China is best studied geographically as an island cut off from the world, its geography constitutes a political, social challenge as Beijing begins its own tapering in hope of liberalizing central banking to the effect of moving its domestic economy off from simple manufacturing.  This will not be easy, for China lacks strong institutional, cultural bulwarks that sustain a robust civil society.  By actually permitting a real civilian led market to develop, Beijing’s Communists want real price discovery so as to permit a stronger more authoritarian market to evolve.  My guess is this will fail.  But if Beijing wants taut strings to touch why should American’s blame them when we’ve already abandoned our own market based political economy.  If anyone thinks we’ve got an efficient market, their deluding themselves.

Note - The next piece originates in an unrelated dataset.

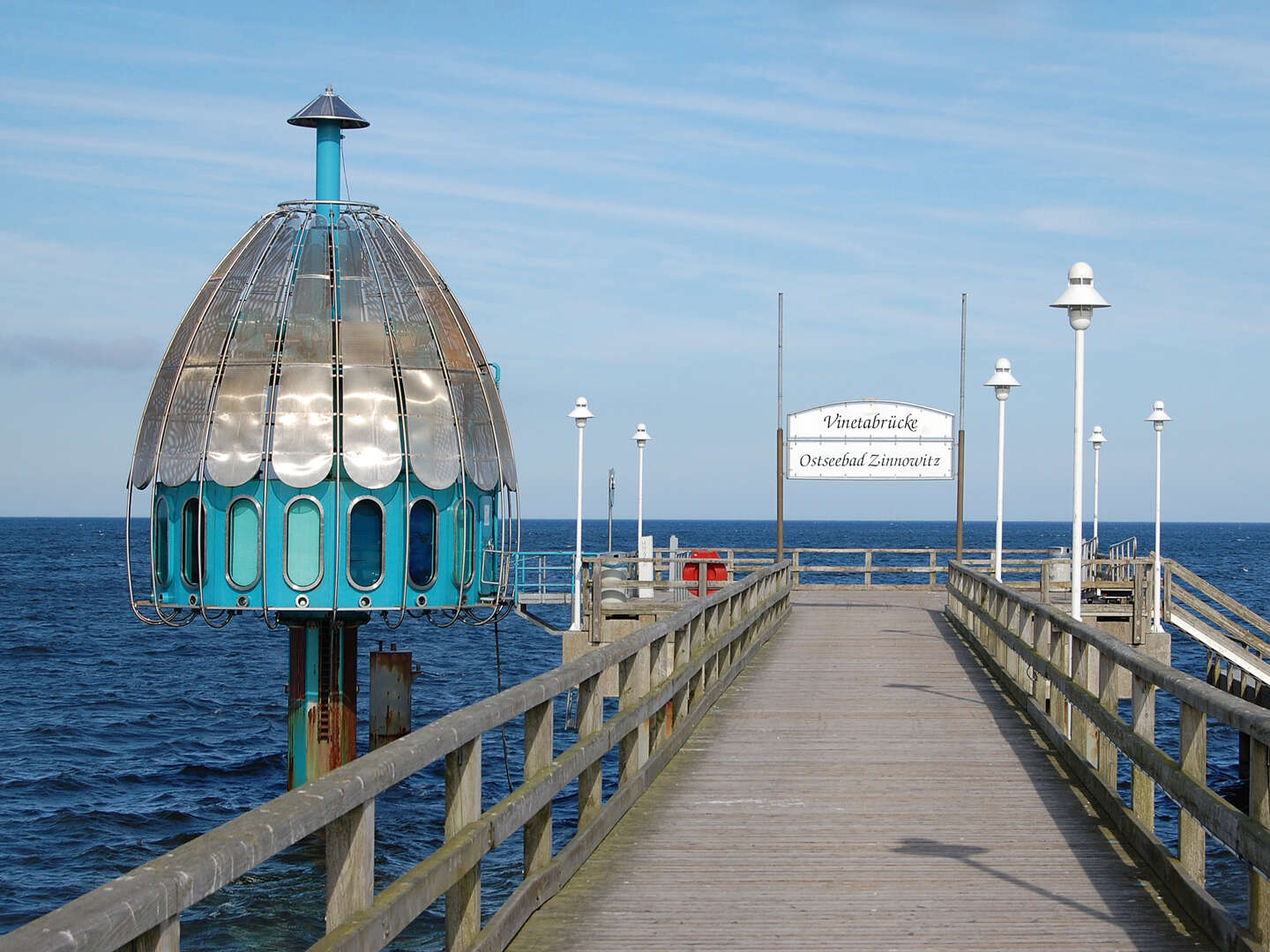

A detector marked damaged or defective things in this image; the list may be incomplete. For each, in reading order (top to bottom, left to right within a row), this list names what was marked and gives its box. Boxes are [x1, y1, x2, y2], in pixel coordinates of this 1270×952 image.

rusty metal column [289, 619, 360, 792]
rusty metal column [370, 650, 414, 751]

As Beijing continues to offer real deposit rates, it hopes to permit a level of manageable capital/equity formation among its citizens.  It’s also found the need to acknowledge that a managed economy is not an efficient one.  If China wishes to procure a real indigenous capitalist culture, its going to do so in a decentralized fashion.  This threatens Beijing, ironically its committed to a version of ‘fatal conceit’ that IT thinks Beijing can manage.

Let’s wait and see.

Here’s the consensus:  the case for further economic liberalization cannot be conceived in isolation.  This is the crux of Beijing’s problem.  Beijing conceives that economic liberalization through internationalizing its yuan, making it convertible, will incentivize its citizenry to deposit massive savings outside the ‘mainland’.

This will weaken the yuan!!

Another currency path of a depreciated yuan is China’s current account surplus, especially since most of China’s currency reserves our invested in foreign assets!!

The solution?

Beijing should seek the creation of private capital markets, deep international bond markets, embrace a true ‘cultural revolution’ by seeking the rule of law in the sanctity of contracts effectively permitting massive capital inflows.  Under this scenario, China’s real exchange rate would appreciate and China’s balance of payments would normalize.

Why is it that THIS scenario will NOT happen?

Because Communist Beijing will not tolerate the social/political impact of free market capitalism or free ideas; both which are necessary for a robust financial market.

What does the immediate future of China look like?

A managed socialist economy without true capitalist reforms will be a disaster for China and anyone participating in it; the slightest opening of capital markets in China risks a massive capital outflow depriving Chinese banks of funding.  We should note that as of this writing, the People’s Bank of China continues to accumulate foreign exchange reserves while supplying a pegged yuan at a predetermined level effectively sterilizing excess domestic reserves preventing inflation.

Beijing can expect to manage small changes in its political economy, but it will NEVER permit any political/social idea to threaten its hegemony.